Prosecutors presented evidence that the Briton, Neil Heywood, had demanded tens of millions of dollars from Ms. Gu’s son, locked him up in a residence in England and sent an e-mail threatening to “destroy” him. In response, Ms. Gu sought help from the local police chief, who refused to go along with her plan to get rid of Mr. Heywood and later secretly recorded her confession after she poisoned Mr. Heywood.
The tale gave a rare glimpse into the darkest corners of a Chinese ruling family. It told of a dramatic struggle between Ms. Gu, 53; her Oxford- and Harvard-educated son, Bo Guagua, 24; and Mr. Heywood, 41, a longtime friend and business associate whose body was found in November in a hotel in Chongqing, the fog-wreathed western metropolis governed for more than four years by Ms. Gu’s husband, Bo Xilai, a Politburo member.
Ms. Gu and a family aide, Zhang Xiaojun, stood trial on Thursday in Hefei, Anhui Province. No verdict was delivered, but a court official said the defendants did not object to the charges. The details of the court arguments that emerged Friday were not included in a terse statement issued the previous day by officials.
A detailed account of the trial was posted on Friday morning on renren.com, a social networking Web site, by Zhao Xiangcha, a university student in Anhui who said he had been inside the courtroom. He said he had written it from memory after the seven-hour trial had adjourned. Most of the account, which was deleted from his renren.com page around noon, was confirmed in telephone interviews with Li Xiaolin, a lawyer for Mr. Zhang, and another lawyer inside the courtroom. Late Friday, Xinhua, the state news agency, published an account with many of the same details.

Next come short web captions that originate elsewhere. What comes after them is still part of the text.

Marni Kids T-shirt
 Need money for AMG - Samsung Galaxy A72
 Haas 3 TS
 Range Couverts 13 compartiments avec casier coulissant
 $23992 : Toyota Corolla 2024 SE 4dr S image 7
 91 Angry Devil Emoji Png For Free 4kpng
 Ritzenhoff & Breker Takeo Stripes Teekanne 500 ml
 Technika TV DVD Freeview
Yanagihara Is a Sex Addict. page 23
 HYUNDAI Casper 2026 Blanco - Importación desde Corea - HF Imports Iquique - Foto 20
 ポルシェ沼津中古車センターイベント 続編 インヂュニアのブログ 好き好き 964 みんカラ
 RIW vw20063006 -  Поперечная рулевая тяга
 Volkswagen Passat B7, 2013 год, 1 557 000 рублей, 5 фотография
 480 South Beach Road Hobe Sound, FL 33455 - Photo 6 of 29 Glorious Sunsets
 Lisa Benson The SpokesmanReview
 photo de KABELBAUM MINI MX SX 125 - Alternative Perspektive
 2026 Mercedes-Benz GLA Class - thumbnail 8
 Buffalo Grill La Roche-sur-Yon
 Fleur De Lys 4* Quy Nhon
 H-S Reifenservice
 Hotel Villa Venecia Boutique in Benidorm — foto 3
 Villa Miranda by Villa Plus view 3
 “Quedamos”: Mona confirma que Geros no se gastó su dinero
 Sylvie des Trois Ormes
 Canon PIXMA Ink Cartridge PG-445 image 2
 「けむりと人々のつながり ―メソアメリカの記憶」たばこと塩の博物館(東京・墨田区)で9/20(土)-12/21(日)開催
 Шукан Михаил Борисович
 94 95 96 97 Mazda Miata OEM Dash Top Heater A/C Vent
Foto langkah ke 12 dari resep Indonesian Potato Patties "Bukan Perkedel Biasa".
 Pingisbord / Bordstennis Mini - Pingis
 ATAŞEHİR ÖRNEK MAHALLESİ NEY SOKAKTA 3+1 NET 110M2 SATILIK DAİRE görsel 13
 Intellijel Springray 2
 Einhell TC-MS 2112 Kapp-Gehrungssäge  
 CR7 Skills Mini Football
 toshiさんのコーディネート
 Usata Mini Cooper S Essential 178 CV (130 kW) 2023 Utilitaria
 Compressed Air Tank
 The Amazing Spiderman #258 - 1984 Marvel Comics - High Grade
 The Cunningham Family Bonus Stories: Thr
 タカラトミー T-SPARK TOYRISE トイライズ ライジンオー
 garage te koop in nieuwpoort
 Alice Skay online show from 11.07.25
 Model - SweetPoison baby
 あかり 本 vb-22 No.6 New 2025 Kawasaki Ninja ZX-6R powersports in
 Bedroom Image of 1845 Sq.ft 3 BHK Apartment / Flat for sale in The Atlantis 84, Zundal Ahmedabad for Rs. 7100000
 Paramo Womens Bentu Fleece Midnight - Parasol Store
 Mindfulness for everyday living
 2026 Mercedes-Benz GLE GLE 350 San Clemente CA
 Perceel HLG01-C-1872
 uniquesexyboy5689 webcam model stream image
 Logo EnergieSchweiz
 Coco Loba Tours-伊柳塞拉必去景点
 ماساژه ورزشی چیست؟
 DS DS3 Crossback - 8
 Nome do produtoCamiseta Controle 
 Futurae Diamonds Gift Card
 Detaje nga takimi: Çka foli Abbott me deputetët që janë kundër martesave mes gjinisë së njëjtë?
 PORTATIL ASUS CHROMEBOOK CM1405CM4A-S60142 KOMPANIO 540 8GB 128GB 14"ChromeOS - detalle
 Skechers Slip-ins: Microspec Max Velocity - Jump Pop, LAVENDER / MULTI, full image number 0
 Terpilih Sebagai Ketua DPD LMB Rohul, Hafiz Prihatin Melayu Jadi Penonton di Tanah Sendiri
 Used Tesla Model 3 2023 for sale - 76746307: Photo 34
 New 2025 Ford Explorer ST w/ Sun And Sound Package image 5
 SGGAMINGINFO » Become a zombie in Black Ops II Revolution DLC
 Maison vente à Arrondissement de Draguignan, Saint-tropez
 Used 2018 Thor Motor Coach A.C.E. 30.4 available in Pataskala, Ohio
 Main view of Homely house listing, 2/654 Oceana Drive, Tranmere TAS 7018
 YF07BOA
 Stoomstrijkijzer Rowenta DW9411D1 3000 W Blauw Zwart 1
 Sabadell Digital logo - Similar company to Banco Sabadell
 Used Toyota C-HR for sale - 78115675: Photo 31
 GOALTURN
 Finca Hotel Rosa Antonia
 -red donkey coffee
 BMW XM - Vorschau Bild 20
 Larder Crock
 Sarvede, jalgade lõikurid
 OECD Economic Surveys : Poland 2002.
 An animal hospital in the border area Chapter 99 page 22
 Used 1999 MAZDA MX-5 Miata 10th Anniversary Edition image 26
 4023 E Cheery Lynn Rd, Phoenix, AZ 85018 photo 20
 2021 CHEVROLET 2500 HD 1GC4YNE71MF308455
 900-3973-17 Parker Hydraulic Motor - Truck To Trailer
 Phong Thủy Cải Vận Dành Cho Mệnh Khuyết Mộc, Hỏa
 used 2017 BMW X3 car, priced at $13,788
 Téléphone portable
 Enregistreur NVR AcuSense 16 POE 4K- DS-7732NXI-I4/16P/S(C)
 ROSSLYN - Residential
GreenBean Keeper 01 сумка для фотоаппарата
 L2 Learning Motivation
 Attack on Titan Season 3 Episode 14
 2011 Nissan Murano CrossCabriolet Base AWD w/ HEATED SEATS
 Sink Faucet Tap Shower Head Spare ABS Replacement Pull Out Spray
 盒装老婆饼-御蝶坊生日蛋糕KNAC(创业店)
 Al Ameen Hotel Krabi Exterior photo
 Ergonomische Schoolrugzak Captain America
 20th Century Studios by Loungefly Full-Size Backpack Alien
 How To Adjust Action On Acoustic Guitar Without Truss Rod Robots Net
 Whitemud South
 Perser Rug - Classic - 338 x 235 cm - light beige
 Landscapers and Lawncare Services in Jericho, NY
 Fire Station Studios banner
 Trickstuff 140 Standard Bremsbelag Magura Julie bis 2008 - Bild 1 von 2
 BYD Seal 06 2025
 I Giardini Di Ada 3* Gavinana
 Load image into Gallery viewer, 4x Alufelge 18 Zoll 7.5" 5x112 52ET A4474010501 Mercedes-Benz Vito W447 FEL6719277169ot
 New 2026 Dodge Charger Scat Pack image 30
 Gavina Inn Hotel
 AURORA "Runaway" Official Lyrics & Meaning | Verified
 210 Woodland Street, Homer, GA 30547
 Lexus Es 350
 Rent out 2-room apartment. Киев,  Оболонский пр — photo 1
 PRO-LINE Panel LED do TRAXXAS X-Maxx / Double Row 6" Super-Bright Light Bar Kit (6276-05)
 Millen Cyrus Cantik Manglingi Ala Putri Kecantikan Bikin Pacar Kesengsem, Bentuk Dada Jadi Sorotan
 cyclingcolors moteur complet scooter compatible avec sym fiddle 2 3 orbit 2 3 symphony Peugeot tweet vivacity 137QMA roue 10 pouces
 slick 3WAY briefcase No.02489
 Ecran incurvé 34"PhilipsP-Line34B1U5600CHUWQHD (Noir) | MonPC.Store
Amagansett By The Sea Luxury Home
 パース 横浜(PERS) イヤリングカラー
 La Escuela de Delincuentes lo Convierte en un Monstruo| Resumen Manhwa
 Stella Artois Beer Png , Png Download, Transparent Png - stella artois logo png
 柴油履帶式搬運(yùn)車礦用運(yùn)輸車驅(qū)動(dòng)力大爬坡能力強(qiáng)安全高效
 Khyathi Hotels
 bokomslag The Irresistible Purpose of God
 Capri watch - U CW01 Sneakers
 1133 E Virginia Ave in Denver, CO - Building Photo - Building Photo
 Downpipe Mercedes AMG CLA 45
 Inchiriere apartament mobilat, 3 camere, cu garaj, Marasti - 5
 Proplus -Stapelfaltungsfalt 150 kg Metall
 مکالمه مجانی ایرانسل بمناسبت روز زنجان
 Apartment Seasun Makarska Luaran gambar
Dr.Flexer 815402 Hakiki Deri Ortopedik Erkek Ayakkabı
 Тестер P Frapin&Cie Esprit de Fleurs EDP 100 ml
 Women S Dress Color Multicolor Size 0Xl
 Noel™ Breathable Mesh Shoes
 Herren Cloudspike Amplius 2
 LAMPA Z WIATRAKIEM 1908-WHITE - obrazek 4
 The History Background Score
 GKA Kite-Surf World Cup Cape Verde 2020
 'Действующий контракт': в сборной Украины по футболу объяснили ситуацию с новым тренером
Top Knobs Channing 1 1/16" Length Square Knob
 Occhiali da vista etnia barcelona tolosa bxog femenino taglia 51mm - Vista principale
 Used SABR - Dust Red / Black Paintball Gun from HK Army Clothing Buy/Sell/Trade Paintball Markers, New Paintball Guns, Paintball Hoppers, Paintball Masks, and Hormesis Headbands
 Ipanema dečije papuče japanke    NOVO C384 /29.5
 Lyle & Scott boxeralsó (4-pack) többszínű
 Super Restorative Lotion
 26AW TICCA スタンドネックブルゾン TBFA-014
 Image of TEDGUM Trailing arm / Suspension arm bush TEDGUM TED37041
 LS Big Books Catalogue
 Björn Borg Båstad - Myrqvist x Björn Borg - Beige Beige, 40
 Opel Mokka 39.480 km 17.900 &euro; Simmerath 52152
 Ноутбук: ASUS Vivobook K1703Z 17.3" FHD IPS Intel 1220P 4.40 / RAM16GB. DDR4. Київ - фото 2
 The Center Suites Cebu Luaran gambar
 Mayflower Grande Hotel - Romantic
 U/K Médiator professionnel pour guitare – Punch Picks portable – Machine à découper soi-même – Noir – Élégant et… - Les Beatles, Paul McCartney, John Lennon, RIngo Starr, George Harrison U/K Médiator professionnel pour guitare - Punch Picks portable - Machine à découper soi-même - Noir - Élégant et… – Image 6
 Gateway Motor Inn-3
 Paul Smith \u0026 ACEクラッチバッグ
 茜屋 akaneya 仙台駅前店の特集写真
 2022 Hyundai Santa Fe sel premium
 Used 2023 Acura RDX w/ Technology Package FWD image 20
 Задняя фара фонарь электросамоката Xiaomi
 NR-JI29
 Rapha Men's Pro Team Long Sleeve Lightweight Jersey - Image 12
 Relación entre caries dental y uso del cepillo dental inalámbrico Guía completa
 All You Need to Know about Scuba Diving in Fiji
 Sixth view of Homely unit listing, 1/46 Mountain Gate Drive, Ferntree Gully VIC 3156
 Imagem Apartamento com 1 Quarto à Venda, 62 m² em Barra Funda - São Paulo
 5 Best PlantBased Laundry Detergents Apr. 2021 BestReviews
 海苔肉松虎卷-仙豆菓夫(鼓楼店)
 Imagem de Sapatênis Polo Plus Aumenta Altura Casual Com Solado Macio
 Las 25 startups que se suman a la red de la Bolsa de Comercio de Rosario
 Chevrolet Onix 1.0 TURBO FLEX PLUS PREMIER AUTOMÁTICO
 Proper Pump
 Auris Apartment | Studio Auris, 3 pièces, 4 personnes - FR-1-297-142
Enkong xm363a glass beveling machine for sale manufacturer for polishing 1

Mr. Zhao wrote in his post that Ms. Gu, whose hands shook during the trial, confessed to murdering Mr. Heywood.
Many legal experts say the trial was political theater and little more than a forum to present an official narrative of the crime. The session raised as many questions as it answered. For starters, it failed to address the towering issue of what Bo Xilai knew of the crime and whether he had a role in its execution or cover-up.
Bo Guagua declined to comment for this article. Mr. Heywood’s mother said before the trial that the case was rooted in palace intrigue. Mr. Heywood’s wife, who is Chinese, could not be reached for comment. People at the trial said the defense lawyers argued that the poison might not have been enough to kill Mr. Heywood, and that he probably died instead from drinking too much alcohol that night. The lawyers also said that Ms. Gu suffered from manic depression and mild schizophrenia and was not in full control of her actions.
According to the courtroom accounts, Mr. Heywood, a longtime resident of China, met Bo Guagua in England around 2003. The two became close. Mr. Heywood hoped his relationship with the Bo family would help further his business ambitions in China.
Mr. Heywood was introduced to Xu Ming, a young billionaire and friend of the Bo family in the northeast city of Dalian, where Bo Xilai had been mayor, and to a “princeling” executive at a state-owned enterprise surnamed Zhang. The businessmen later entered into real estate ventures that included a property deal in France and projects in Chongqing, where Mr. Bo became party chief in late 2007.
Prosecutors said that when the Chinese ventures failed because of political interference, Mr. Heywood last year demanded from Bo Guagua 14 million pounds, about $22 million, which was 10 percent of the money Mr. Heywood had expected to earn if the ventures had succeeded, according to Mr. Li. He added that the prosecutors said Mr. Heywood sent threatening e-mails to the younger Mr. Bo — in one, Mr. Heywood wrote in English that he would “destroy” Mr. Bo. The e-mails were projected on a screen during the trial.
Mr. Heywood then locked Mr. Bo up in a residence in England, according to Mr. Zhao’s account of the prosecutors’ case. Mr. Bo called his mother and told her about the abduction.
Back in Chongqing, Ms. Gu asked Wang Lijun, the police chief, for help, but Mr. Wang said he could do nothing. It then occurred to Ms. Gu that she needed to get rid of Mr. Heywood to protect her son, whom she called “little rabbit” in e-mails, prosecutors said.